Mais un jour mon ami Rascale dit : Si l'on se réfère au paradigme Kerosénien, c'est pratiquement le 8ème péché capital.
Et le chleuasme est en passe de devenir le 9ème...( j'expliquerai le chleuasme un peu plus tard) Je compris en lisant ces quelques mots combien j'étais dur avec ces pauvres travailleurs écartés des joies de la culture par une existence soumise au fouet d'un patron cruel qui voit dans chaque goutte de sang, une promesse joyeuse de profits nécessaires à son plein épanouissement
Tu sais Rascale, je crois que je vais me faire une raison, et admettre que peut-être je suis trop exigeant.
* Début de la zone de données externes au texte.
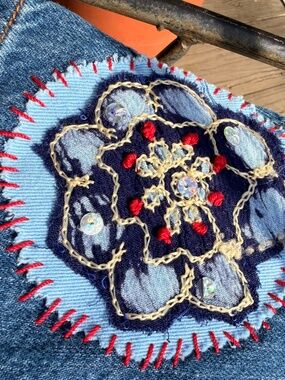 girls Oshkosh, upscale blue denim skirt size 5 by artist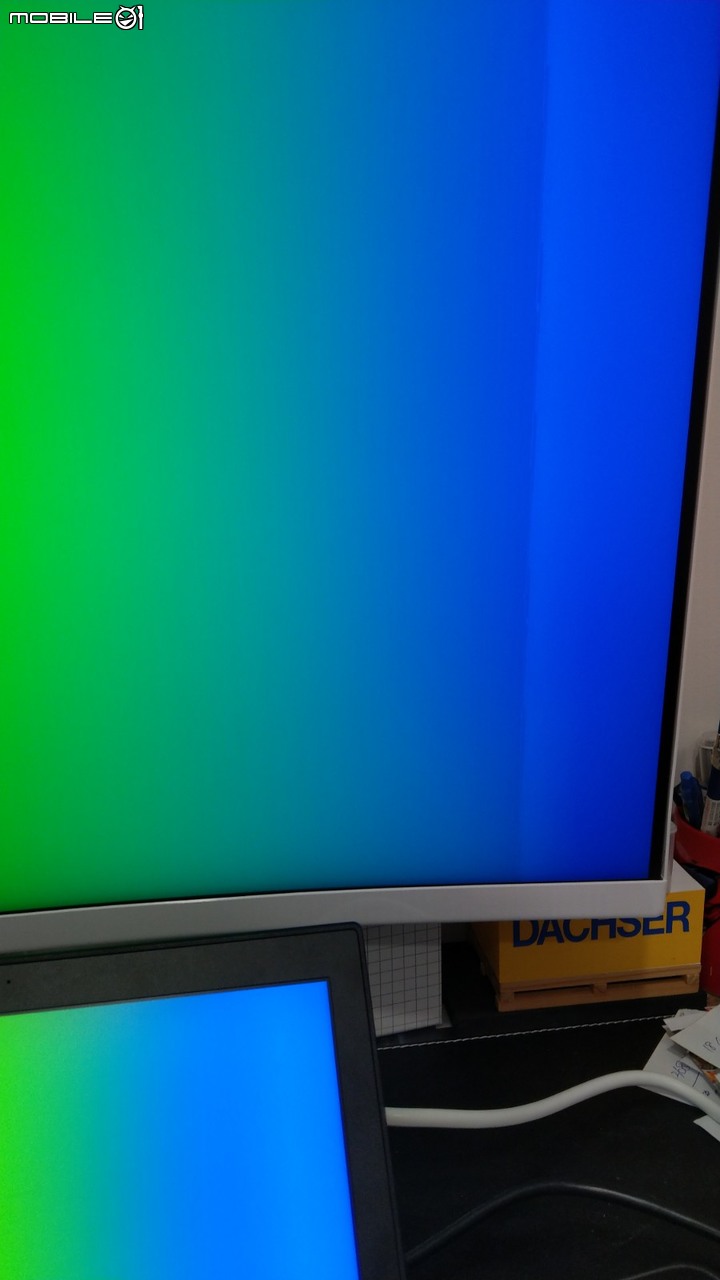 AOC CU32V3/WW 螢幕漸層色顯示問題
Qui peut raisonnablement lire sans sourciller un blog aussi bien rempli, documenté, avec tant de références scientifiques et culturelles ? J'imagine le pauvre ouvrier qui rentre harassé de son labeur quotidien, qui travaille plus pour gagner moins, qui doit subir les criailleries de ses mômes insupportables, les rodomontades de sa mégère non apprivoisée, et qui lui commande de repasser le linge et de faire la vaisselle avant de se mettre à éplucher les patates... Comment aurait-il la force de se pencher sur le chleuasme ? Et lorsqu'enfin il arrive à se glisser derrière son ordinateur, il se précipite sur le point Kerrozenien qu'il arrive difficilement à trouver au milieu d'un fatras de messages tous plus intellos les uns que les autres, comment ne diagoniserait-il pas ? Son choix n'est-il pas cruel ? Diagoniser ou agoniser !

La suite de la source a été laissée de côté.